New Paper: SCOPE: Selective Cross-validataion Over Parameters for Elo

Posted on 09/20/2019 | By: Rogelio E. Cardona-Rivera

QED Lab Member Alex Bisberg has had his paper SCOPE: Selective Cross-validataion Over Parameters for Elo accepted for presentation at the Poster Session at the 15th AAAI Conference on Artificial Intelligence and Interactive Digital Entertainment (AIIDE) to be celebrated in Atlanta, GA, USA on October 8th through 12th, 2019.

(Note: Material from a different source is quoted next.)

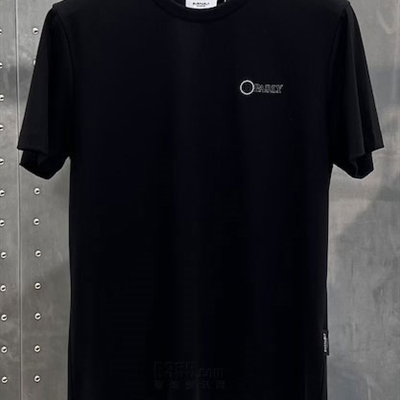 市场上装-T恤-欧货T恤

Precisely quantifying “skill” in competitive games is of interest for a variety of reasons. Dramatic, or close games are fun to watch and play. Teams and players of similar skill play games which lead to more uncertain, dramatic results. Also when some players queue up to play on their own they would rather play close matches, so skill quantification is important for matchmaking. How to best quantify skill is an open problem. Esports are “multiplayer video games played competitively for spectators, typically by professional gamers,” so they are a good medium to study this problem.

In the 1950s Arpad Elo, a Hungarian chess player and mathematician, invented the Elo model to quantify skill -- and win probability -- of chess players as they progressed through tournaments. Elo's method and modifications of pairwise comparison have been extended past individual board games to team sports and esports.

In this work, we demonstrate that Elo-based models can achieve high levels of win prediction accuracy while retaining their interpretability. Methods for adapting Elo are typically unsystematic and developed on a case-by-case basis. To address these limitations, we developed SCOPE.

The basic idea behind Elo is to update our idea of a player or team’s skill over time based on whether they win or lose. A strength, and potential weakness, of this model is that win/loss data was the the only data Elo’s version of the model used. The model parameters adjust how sensitive the model is to each win and loss. One could imagine that winning a game of MLB baseball, a sport with over 100 games a season, would change our perception of a team’s skill much less than an NFL football game, which we only see 16 of each season. Next, given some statistical assumptions, it’s possible to convert this score into a win probability. The probability gets larger the farther apart the two scores are. Later versions and modifications to the model integrate data from the margin of victory. We feel it makes sense that a team that wins by a lot would have a higher skill than if the game was close.

After cross-validating the model with all of the identified parameters, we were able to raise the overall win prediction accuracy from 56% to 68% on a Call of Duty esports dataset. We appreciate the effort from Dean Wyatte and Justin Shacklette from Activision to provide us with clean structured data. In the future we plan to apply this technique to other esports and compare skill expression across different game genres.